An in-person Sunbelt conference at Paris. This time I’ve fortunately got a prime time slot to present on the soon-to-be-wrapped-up work on “evidencing preferential attachment in dependency network evolution”; slides are in pdf and html.
This is built on the following two pieces of work:
- Last year we incorporated extreme value theory & mixture modelling when fitting to degree distributions. What we’ve found is that most networks are partially scale-free, meaning that the degrees follow the power law up to a certain threshold $u$, and the integer generalised Pareto distribution above $u$. This led to the paper in Statistica Neerlandica.
- My PhD student Thomas Boughen also presented this time, based on this preprint.
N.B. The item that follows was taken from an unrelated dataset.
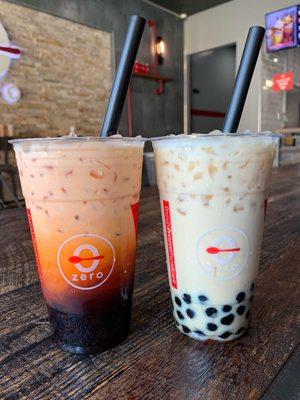 Thai Milk Tea & Jasmine Milk Tea -$1 on Thursdays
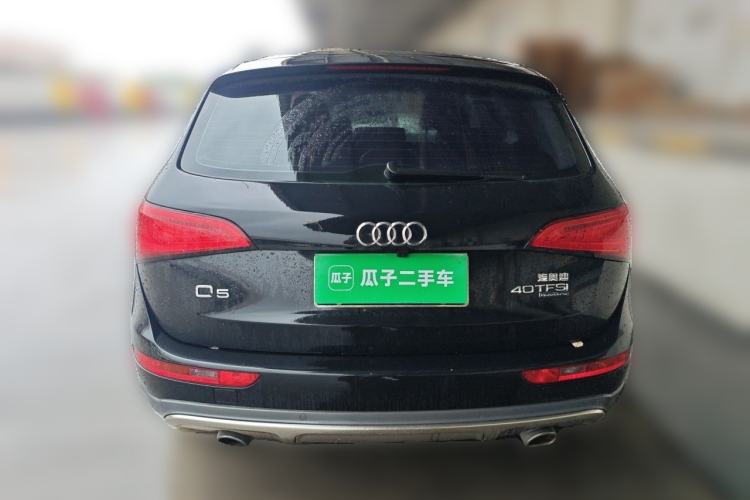 Used Audi Q5 2017 Plus 40 TFSI Technology Model Rear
What he has shown is that the preference function of preferential attachment model can be modified to accommodate both a flexible heavy-tail behaviour and the partial scale-freeness of the degree distribution. The degree is raised to a power (which can be greater or smaller than 1) up to a threshold $v$, followed by a straight line above $v$. Note that $v$ has nothing to do with $u$ above. This will be called the piecewise preference function, and denoted by $g(d)$ where $d$ is the degree.
Utilising the above results, this project does something different, in the presence of network evolution data i.e. granular increments of the network over time:
- We model the increments directly in a statistical way in order to evidence preferential attachment;
- At the same time, we use the piecewise preference function and infer its parameters.
One might wonder, how is this different to the existing approaches such as ERGM or REM, as they can also evidence preferential attachment? I had a little think about this on the train to the airport, and this is a rough comparison assuming directed networks:
- Under traditional models, $Y_{ij}$ is a Bernoulli random variable with probability $p_{ij}$ where $\log(p_{ij}/(1-p_{ij})) = \beta_0+\beta_1~d_j^{\alpha}$ or some more general linear form involving $d_j$ ($j$’s total or in-degree).
- Under our approach, the collection ${Y_{ij}}_j$ follows the multinomial distribution with probabilities ${g(d_j)/\sum_k~g(d_k)}_j$. This allows us to put a Poisson prior on the mean of the random variable of the number of new edges and integrate this variable out using the multinomial splitting property of Poisson.
The traditional models are more flexible in the sense that other features or properties such as homophily and reciprocity can be incorporated by additional terms in the linear predictor. This is going to be slightly trickier for our approach - I haven’t figured out how to apply our framework to other properties yet.